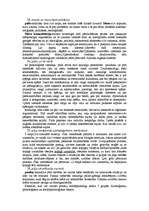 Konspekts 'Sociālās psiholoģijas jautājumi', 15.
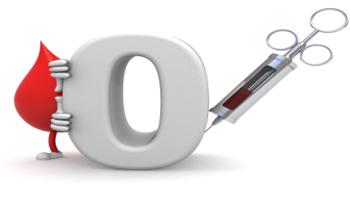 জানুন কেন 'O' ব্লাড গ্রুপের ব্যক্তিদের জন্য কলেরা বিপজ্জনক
==
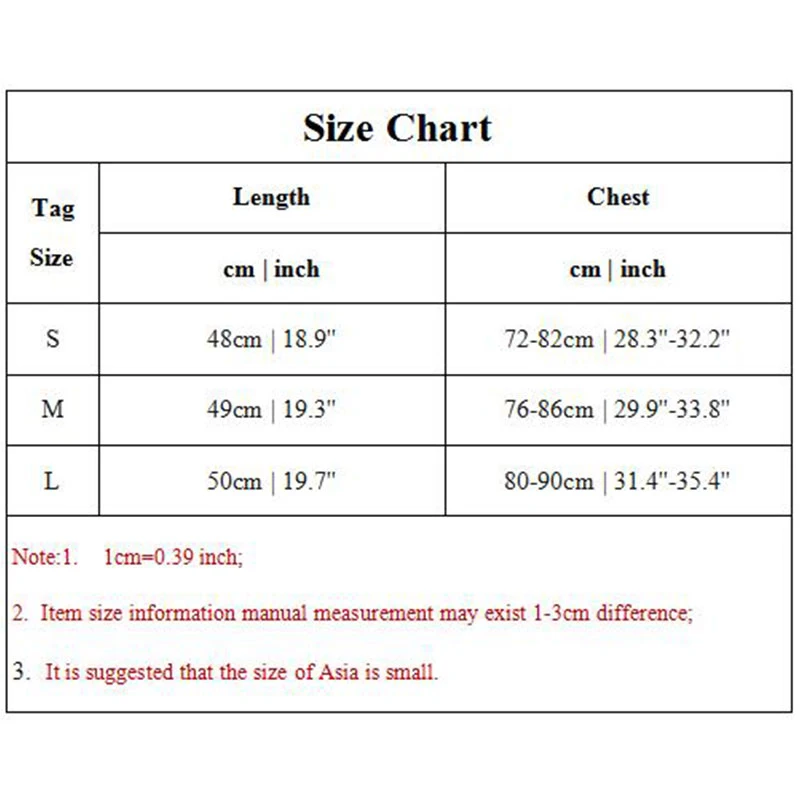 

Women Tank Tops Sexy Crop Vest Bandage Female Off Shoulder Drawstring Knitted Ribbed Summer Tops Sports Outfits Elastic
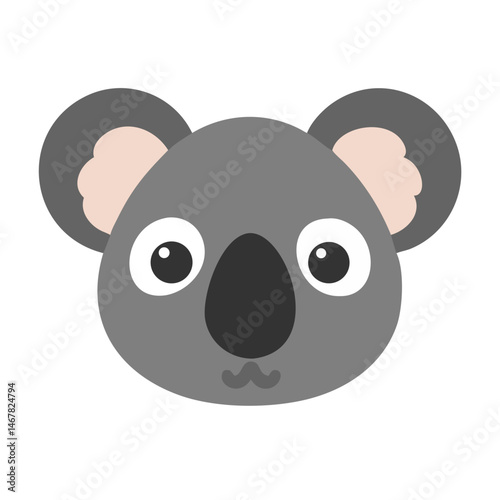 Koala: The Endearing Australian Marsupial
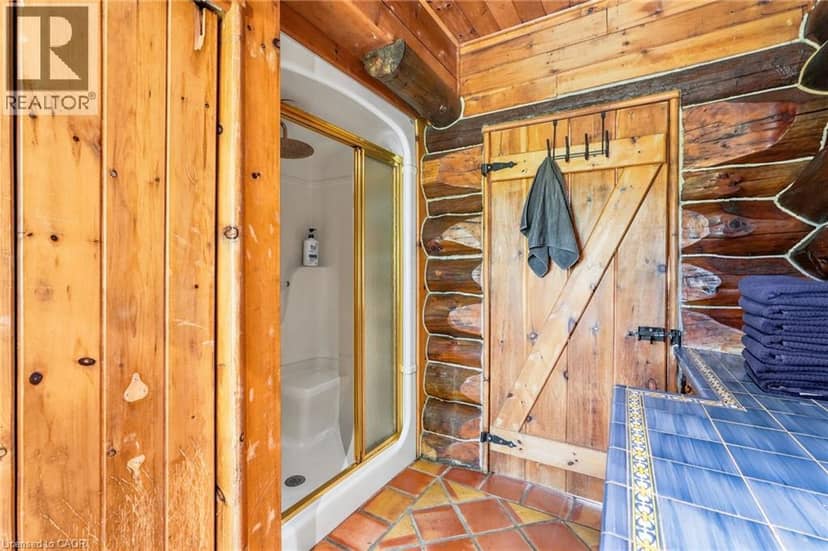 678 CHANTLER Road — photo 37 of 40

WHAT TO PRODUCE
Reproduce exactly, with no pictures, the lines above from the one holding "Koala: The Endearing Australian Marsupial" to the one holding "678 CHANTLER Road — photo 37 of 40", inclusive.

RESULT BELOW
 Koala: The Endearing Australian Marsupial
 678 CHANTLER Road — photo 37 of 40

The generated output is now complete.